As you can tell by my complete abandonment of the blog, I’ve
been b-u-s-y at work. Real, real
busy. The kind of busy where I
wake up at precisely three am every night to get advice from Grover. His business knowledge can be summed up
by breathing terrible dog breath into my face. Which, when you think about it, is pretty good.
Friday night tossing turned into Saturday morning whisper
shouting by the side of our bed.
It was time for Elijah and Luca to quickly drum up a reason why they
should be up at 6.
“I have a bad, bad tummy ache,” Eli whined/whispered.
Diana informed him if he had a bad bad tummy ache he
wouldn’t be able to go to his cousin’s house later that day.
“I’m real real scared of the dark,” he whined/whispered.
Diana took great pity on me and went downstairs with
them. I rolled around half
sleeping for an hour with no luck.
Diana came in and asked if I’d switch places with her so she
could get sleep in preparation for me not being around all weekend due to work.
I gladly went downstairs. My plan was to sleep on our couch until it was time for me
to head to the office.
I found Luca sitting on our leather couch, watching
cartoons.
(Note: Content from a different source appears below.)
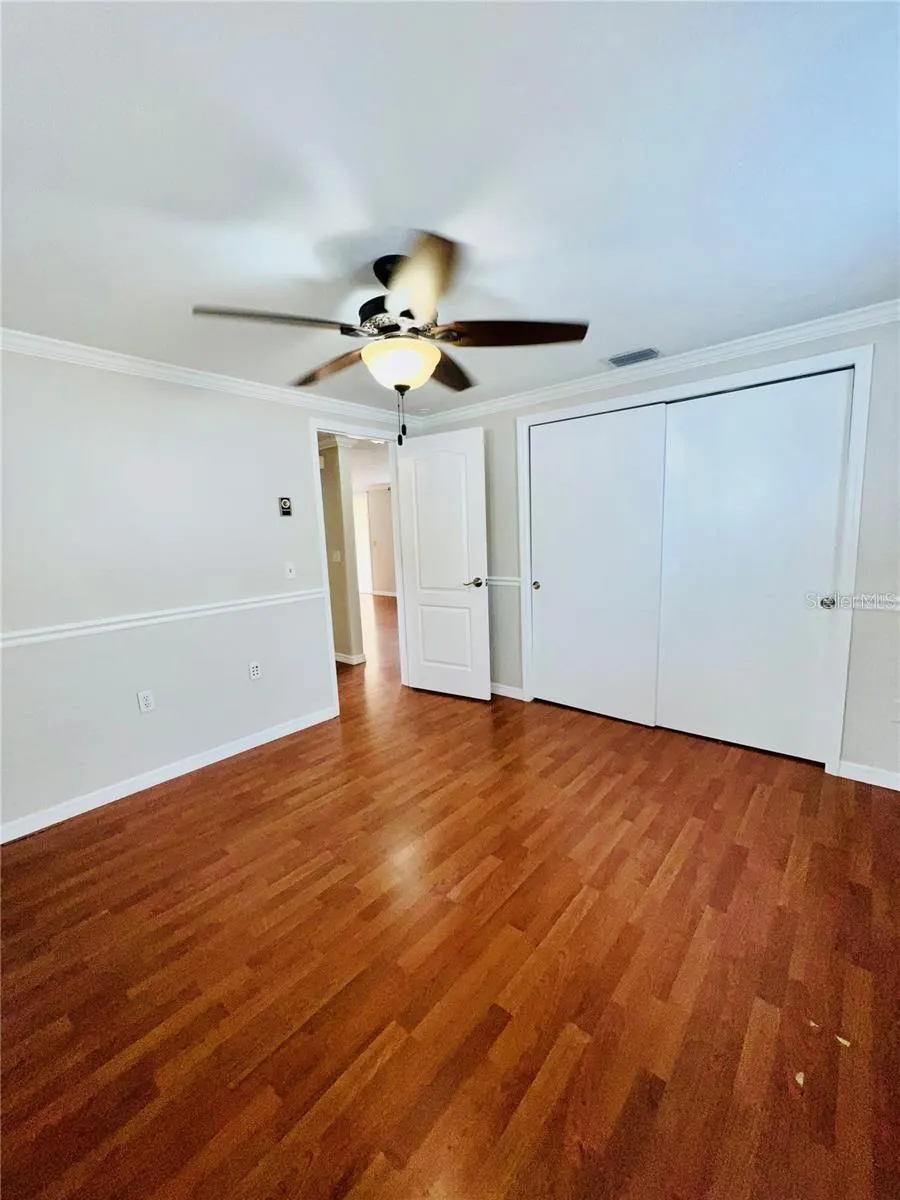 68 LAKE SHORE DR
I slipped in beside him
and he said, “Hi dada.”
“Hi,” I breathed into the pillow.”
“Dada?”
“Uh huh?”
“I think I pee peed in my pants.”
I looked over, with bleary eyes and noticed that Luca was
sitting in a massive puddle. Ducks
were migrating to the lake he created.
I laid back down, thinking, “He doesn’t seem to mind. It’s gotta be in the warm stage for a
little while longer.”
But then I thought, the only thing worse than abandoning
your children for the second weekend in a row was abandoning your children and
knowingly allowing one to sit in his own filth.
So I sleepily rolled into action. Got the boy dried.
Mopped up our couch and then put him into pants.
We then went to Dunkin Donuts where we parked next to a
security car whose side was completely crushed in. Luca took one look at the sad, yellow light on the top and
shrieked, “Dada! A police
car! Is there a policeman inside
Dunkin Donuts?”
“Maybe a former policeman. But by the looks of this car I
imagine this guy was thrown off the force for drinking on the job.”
Luca looked at me with confusion and sadness.
“I mean, yes.
There is a police man in Dunkin Donuts.”
We went inside and Luca stared with awe at the obese man
armed with a flashlight standing in line.
I nodded my sleepy nod at him and ordered a pink donut with sprinkles. The police man's special.